*TASK PROMPT*
Transcribe all of the data exactly. Omit the pictures.

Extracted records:
══════════

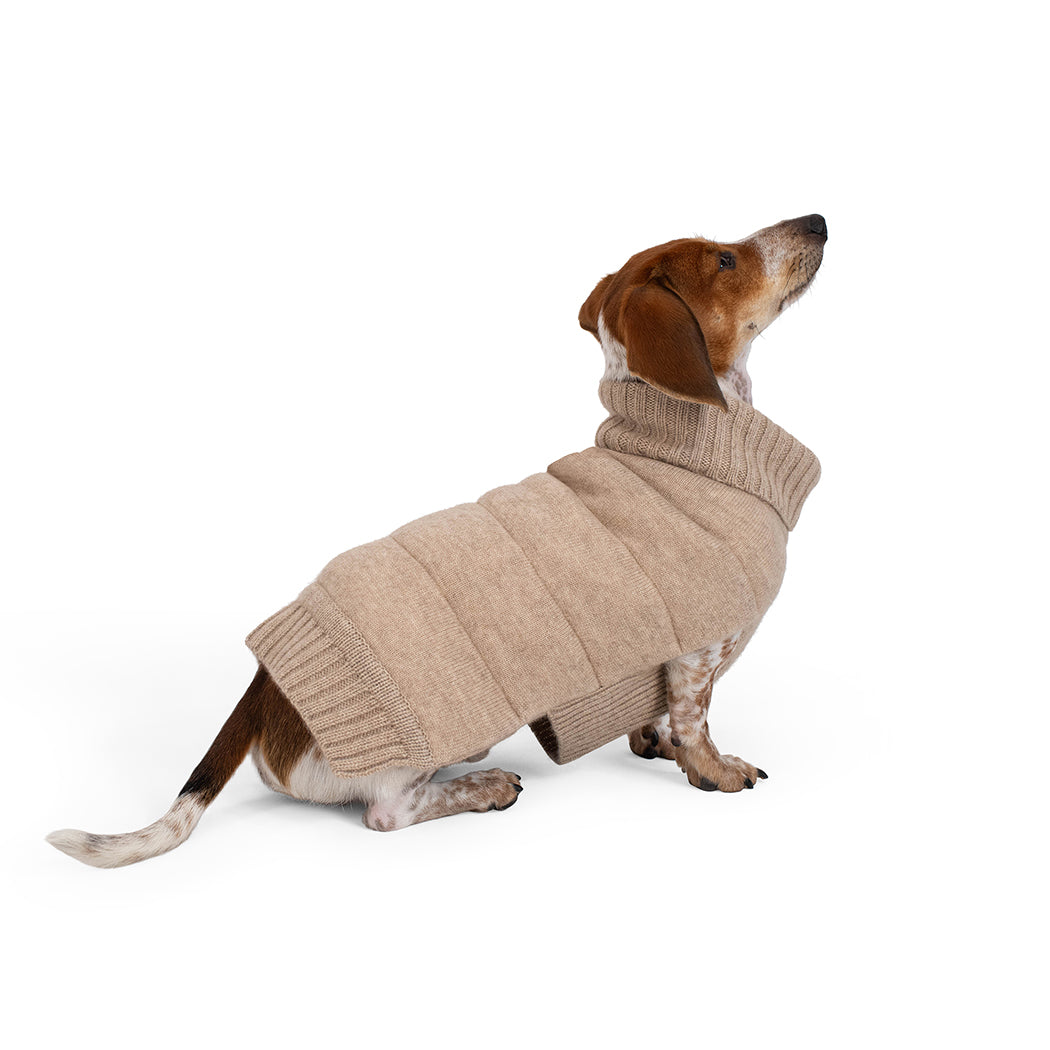 The Cashmere Puffer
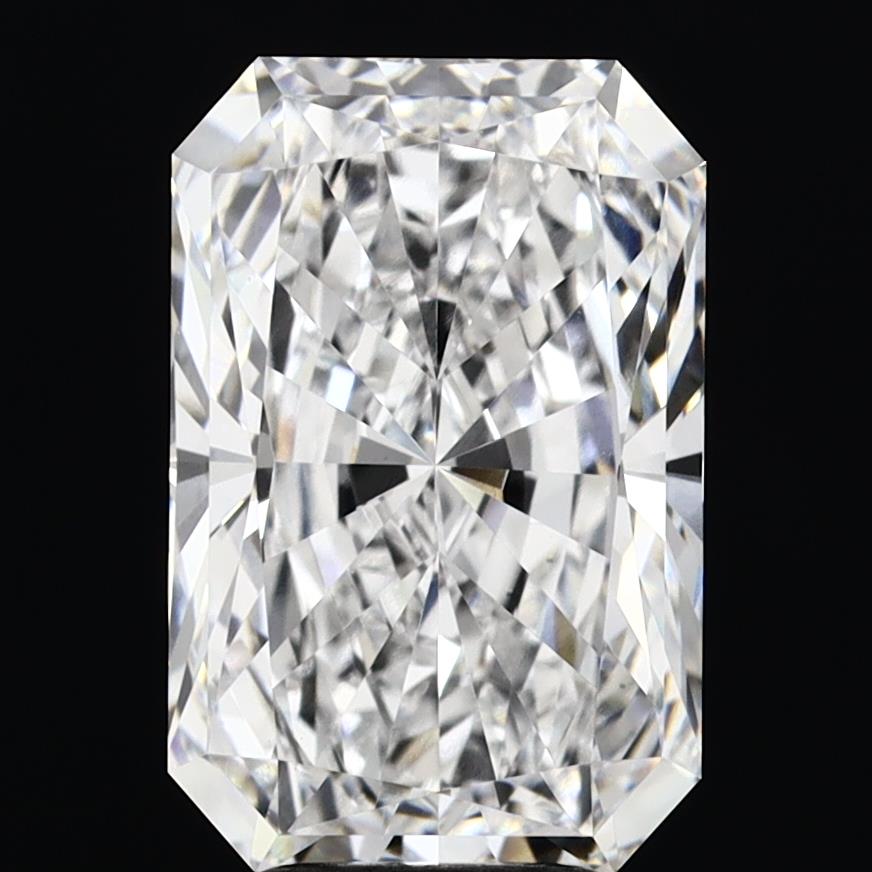 5.36 ct. radiant Lab Grown Diamond front image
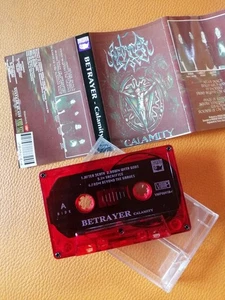 Betrayer [ Calamity ] ORIGINAL CASSETTE THAILAND EDITION - Picture 1 of 2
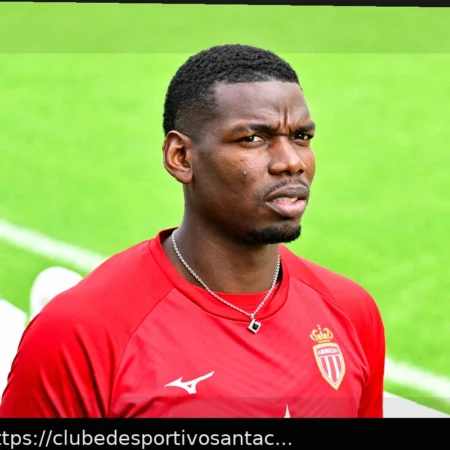 Paul Pogba Retorna aos Treinos Coletivos com o AS Monaco na Ligue 1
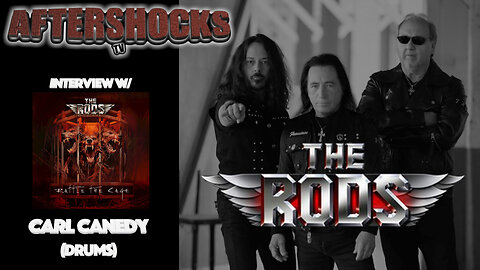 Interview w/ THE RODS drummer Carl Canedy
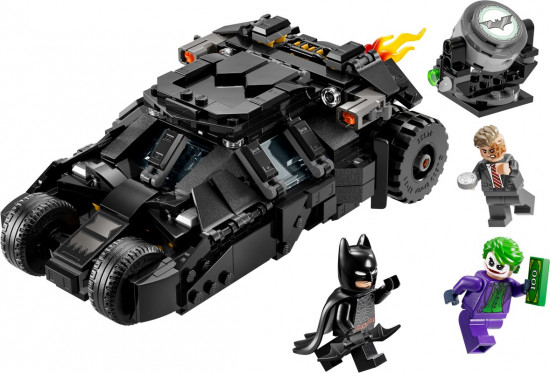 Конструктор LEGO® 76303 «Тумблер» Бэтмена против Двуликого и Джокера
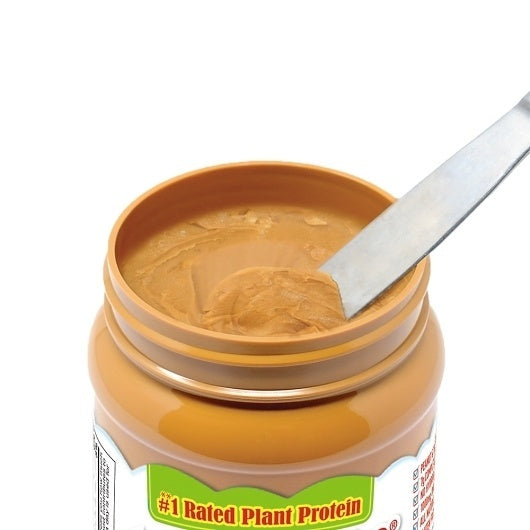 6-PACK OF Crunchy Peanut Free Spread Wowbutter, 6 - 17.6 OZ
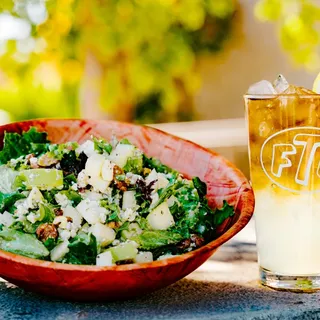Apple Gorgonzola Salad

══════════

*ANSWER SPACE*
 The Cashmere Puffer
 5.36 ct. radiant Lab Grown Diamond front image
 Betrayer [ Calamity ] ORIGINAL CASSETTE THAILAND EDITION - Picture 1 of 2
 Paul Pogba Retorna aos Treinos Coletivos com o AS Monaco na Ligue 1
 Interview w/ THE RODS drummer Carl Canedy
 Конструктор LEGO® 76303 «Тумблер» Бэтмена против Двуликого и Джокера
 6-PACK OF Crunchy Peanut Free Spread Wowbutter, 6 - 17.6 OZ
Apple Gorgonzola Salad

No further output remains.